Google recently announced the new Coldline cloud storage offering and lowered pricing for all of its storage tiers. However, challenges remain that hold Google back from being a cloud storage powerhouse.
Google recently dropped pricing on all of its cloud storage tiers and announced a new cold storage option called Coldline. The news is sure to keep the cloud price wars going, but it may not be enough to win enterprises over to Google storage.
The new Coldline tier is specifically for rarely-accessed data and archival storage. It costs $0.007 per GB, per month, and it also carries an access fee of five cents. If desired, Google also offers a fast access option that will bring you millisecond access. The Google Coldline tier costs the same amount as Amazon's Glacier storage.
Google's Multi-Regional storage tier, which positions itself as a good option for video, multimedia, and business continuity, now costs $0.026 per GB, per month. It offers multiple geographic storage regions in the US, the EU, and Asia to improve redundancy.
The Nearline tier is for data accessed infrequently, but more often than the Coldline tier. It is the second-cheapest option at $0.01 per GB, per month, and Google touts it as suitable for backup, longtail content, and rarely-accessed documents. It also has a $0.01 per GB retrieval cost.
The second most expensive option is the Regional storage tier, which costs $0.02 per GB, per month. It offers millisecond access and is positioned as a good fit for transcoding, data analytics, and general computing.
The price drops are a step in the right direction for Google, but the big three cloud providers (AWS, Google, Microsoft Azure) have been competing so heavily on price that it is almost table-stakes at this point.
The bigger issues for Google, at least in terms of cloud storage, are features and functionality. In the IaaS and PaaS space, Google is only really competing with Amazon and Microsoft, but the storage space has a broader set of competitors, often with more useful features for professionals.
For example, in Google, it's difficult to change the ownership of an article. Also, providers such as Dropbox and Box seem to offer more granular access and permissions for each file and folder. Google did recently update its G Suite apps with new productivity features which could improve collaboration, and it needs to continue on that track to win over business customers.

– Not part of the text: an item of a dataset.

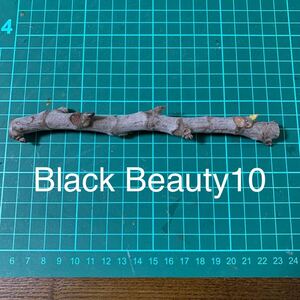 Black Beauty10穂木　いちじく穂木 イチジク穂木 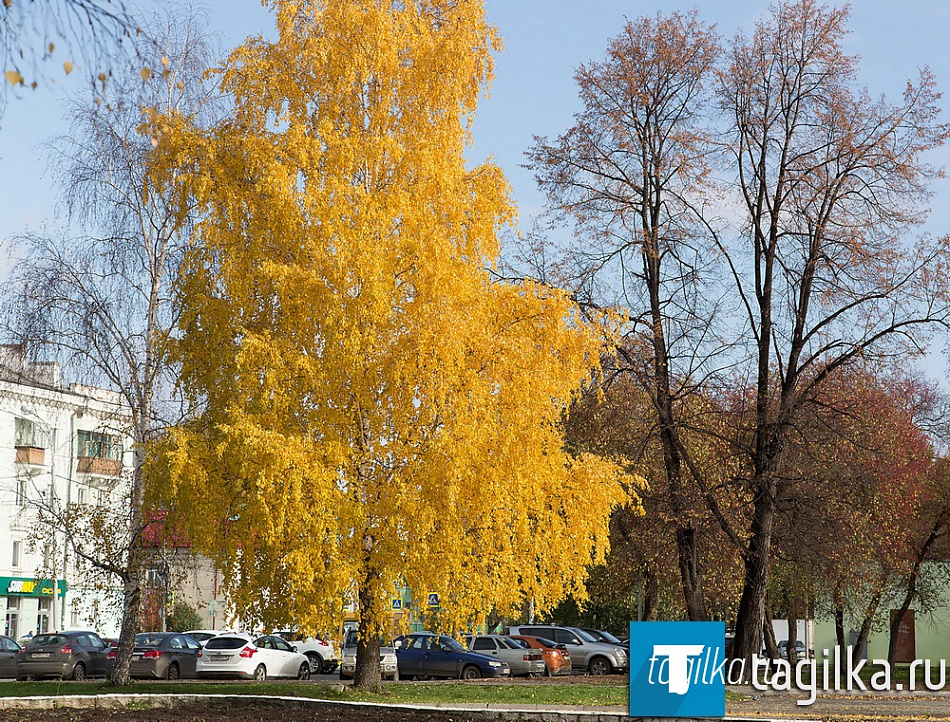 Сегодня самый теплый день  первой недели ноября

Earlier this year, at the Google Cloud Platform Next conference, Google announced that it had signed up a host of major enterprise customers. And, these lower prices could help it continue to attract big businesses.
The 3 big takeaways for TechRepublic readers
- Google dropped the pricing on all of its cloud storage tiers and added a new option for cold storage called Coldline.
- Google is well positioned to compete with other providers on price, but needs stronger features and functionality for enterprise users.
- This further solidifies Google's push with big business, after it announced multiple enterprise clients back in March.
- Google Cloud Platform: The smart person's guide (TechRepublic)
- Google refreshes its cloud storage, slashes prices to a new low (ZDNet)
- Google admits original enterprise cloud strategy was wrong, why it's gone in a different direction (TechRepublic)
- Google Cloud Platform breaks through with big enterprises, signs up Disney and others (ZDNet)
- OneDrive, Dropbox, Google Drive and Box: Which cloud storage service is right for you? (CNET)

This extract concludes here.